Editor's comment: These findings reinforce the concept of united airways.
Guilemany JM et al., United airways: the impact of chronic rhinosinusitis and nasal polyps in bronchiectasic patient's quality of life, Allergy, 2009:64(10);1524-1529.

9. Administration of influenza vaccine in children allergic to egg
The authors identified articles about influenza vaccine in children allergic to eggs using PubMed and the search terms "influenza" and "egg allergy". Additional references were utilized. Most evidence about this subject was obtained from two randomized clinical trials and from small case series. The authors recommend that egg-free, mammalian culture-based flu vaccines should be given preferentially to individuals allergic to egg. If an egg-free vaccine is not available, only vaccines with a stated maximum egg content of < 1.2 µg/ml (0.6 µg per dose) should be utilized. If an egg-based vaccine is utilized for an individual with egg allergy, it should be administered in a center experienced and prepared to manage anaphylaxis. A single dose protocol is recommended for those with a history of allergy, whereas a two dose, split protocol is recommended for those with a history of anaphylaxis to egg or those with moderate or uncontrolled asthma.
Editor's comment: This paper contains important information in view of the influenza A pandemic.
Erlewyn-Lajeunesse M et al., Recommendations for the administration of influenza vaccine in children allergic to egg, BMJ, 2009;339:b3680.

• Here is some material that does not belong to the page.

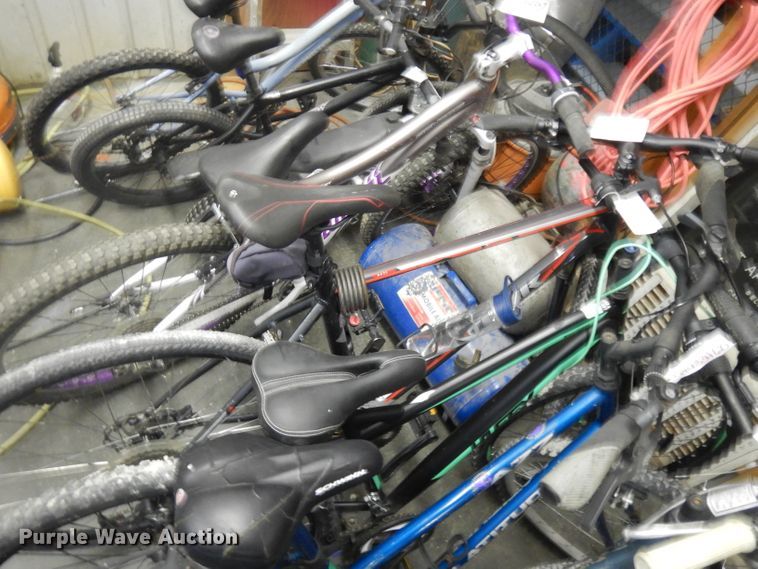 image for item GW9085 (11) bicycles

10. Expression of chemokines and chemokine receptors in lesional and nonlesional upper skin of patients with atopic dermatitis.

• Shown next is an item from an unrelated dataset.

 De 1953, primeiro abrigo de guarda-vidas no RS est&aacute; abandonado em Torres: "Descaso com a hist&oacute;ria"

To determine the chemokine receptor (CCR) pattern of epidermal dendritic cells (DC) subtypes and chemokine ligands (CCL) expression in relation to the state of atopic dermatitis (AD), the authors obtained shave biopsy specimens from patients with AD before and after 24 and 72 hours of atopy patch testing and from patients with chronic AD, psoriasis and healthy skin to determine the CCR pattern of epidermal dendritic cells (DC) subtypes and CCL expression in relation to the severity of AD. CCR expression of epidermal DCs was studied and chemokine mRNA levels in the skin quantified. The total number of CD1a(+) epidermal DCs increased and the proportion of Langerin-positive CD1a(+) DCs decreased whereas the percentage of Langerin-negative CD1a(+) DCs increased after allergen application. Expression of CCL1, CCL3, CCL4, and CCL11 mRNA were greater in acute versus chronic AD.
Editor's comment: Expression of CCR5 and CCR6 of Langerin-negative CD1a(+) DCs was characteristic for acute AD.
Gros E et al., Expression of chemokines and chemokine receptors in lesional and nonlesional upper skin of patients with atopic dermatitis, J Allergy Clin Immunol, 2009;124(4):753-760.